The bushfires that devastated huge swaths of Australia over the past six months have left the engagement policies at the center of the superannuation industry's efforts to address climate change risks under growing scrutiny.
The country's recent environmental disaster "put climate concerns front and center in people's minds," and one result has been greater pressure on super funds to explain why they choose to engage with portfolio companies seen as contributing to global warming rather than divest them, said Helga Birgden, Mercer's Melbourne-based global business leader, responsible investment.
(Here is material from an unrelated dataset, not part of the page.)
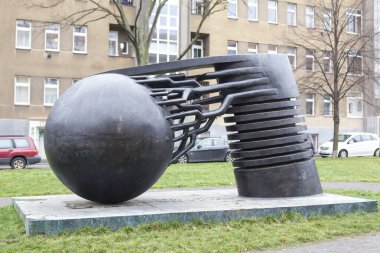 Prague, Çek Cumhuriyeti - 20 Aralık 2015: anıt fotoğraf fizikçi Nikola Tesla.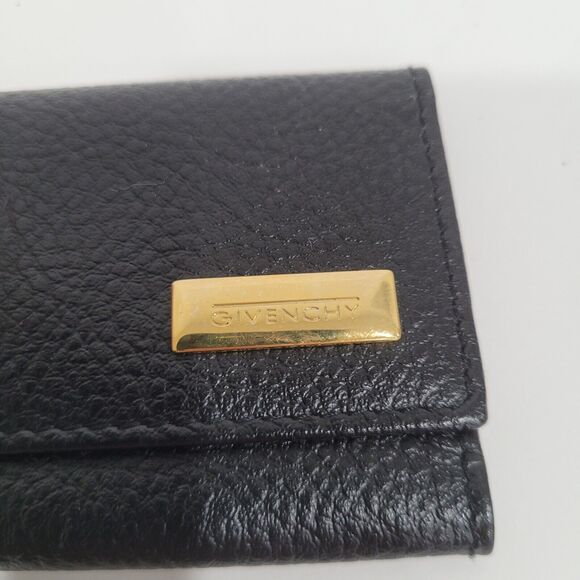 Givenchy Retro Wallet Key Case 6 Hooks Holder Black Trifold Leather Small Logo - Picture 8 of 10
The biggest fundamental change since the bushfires is the number of beneficiaries taking an active interest now in how their super funds are managing climate change risk and which fossil-fuel companies they have exposure to, agreed Simon O'Connor, Melbourne-based CEO of the Responsible Investment Association Australasia.
One example: web traffic in RIAA's online tools that help "consumers connect with funds that match their interests" doubled in January from December, an increase of thousands, Mr. O'Connor said.
Over the past month, two big Melbourne-based funds, UniSuper, a A$80 billion ($53 billion) industry fund serving the higher education and research sectors, and HESTA, a A$56 billion fund focused on health-care employees, have come under pressure from segments of their membership to expunge fossil-fuel companies from their portfolios.
Spokesmen for UniSuper and HESTA declined to comment.
Both campaigns were backed by Market Forces, a Melbourne-based affiliate of environmental activist group Friends of the Earth Australia launched in January 2013.
Julien Vincent, executive director of Market Forces, said his organization has been calling on super funds to divest pure-play fossil-fuel companies for five years now but the "heightened sense of awareness" spawned by Australia's recent cataclysmic weather events is resulting in more activism this year, with climate researchers and health-care workers at funds like UniSuper and HESTA leading the way.